El segundo ladrón recogió uno de los joyeros tirados y lo lanzó contra la cabeza del otro. El cofrecillo dio en el blanco y se abrió por el impacto, esparciendo una lluvia de relucientes gemas sobre el suelo. El primer ladrón se unió a ellas en la caída, y el ciervo salió despedido de sus manos.
Y voló dando tumbos en el aire... hacia la ventana.
—¡No! —El segundo ladrón se lanzó tras él desesperadamente, pero resbaló con las gemas tiradas en el suelo. Sus manos enguantadas se alargaron, se alargaron... y el orgulloso ciervo cayó sobre las mismas puntas de sus estirados dedos.

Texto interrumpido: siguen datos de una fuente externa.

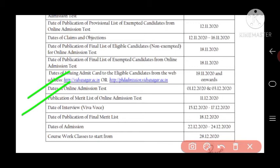The publication of the final merit list is on 18th December 2020. If you are selected, you can take admission between 22nd and 24th December 2020. Your coursework will start from 28th December 2020.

El hombre lo aferró, refocilándose en la victoria, y se deslizó por el suelo debido al impulso de su desesperada carrera.
—¡Ja, lo tengo! ¡Oh, mi precioso, mi sin par ciervo!
Y, entonces, las piedras preciosas que estaban bajo sus botas siguieron deslizándose y lo hicieron chocar contra el bajo alféizar del ventanal; el ladrón pataleó, impotente, cayó hacia adelante y, con un penetrante aullido, se precipitó en la noche, perdiéndose de vista.
Nanue vio desaparecer al ladrón, se estremeció e, incorporándose despacio, con cuidado, se volvió de nuevo hacia la puerta. Tenía que salir de...
Otros dos ladrones con ropas de cuero entraron por las ventanas.
—¡Oh, mierda! —gimió Nanue, que se lanzó de nuevo hacia la puerta en una desesperada carrera.
Los ladrones miraron en derredor al destrozo y la carnicería y mascullaron unos horribles juramentos. Uno de ellos entró en la habitación, tiró de la mujer enmascarada que estaba desplomaba en la cama, la echó sobre su hombro y regresó directamente hacia el ventanal. El otro se lanzó a través del dormitorio para coger a Nanue y llevársela para pedir un rescate.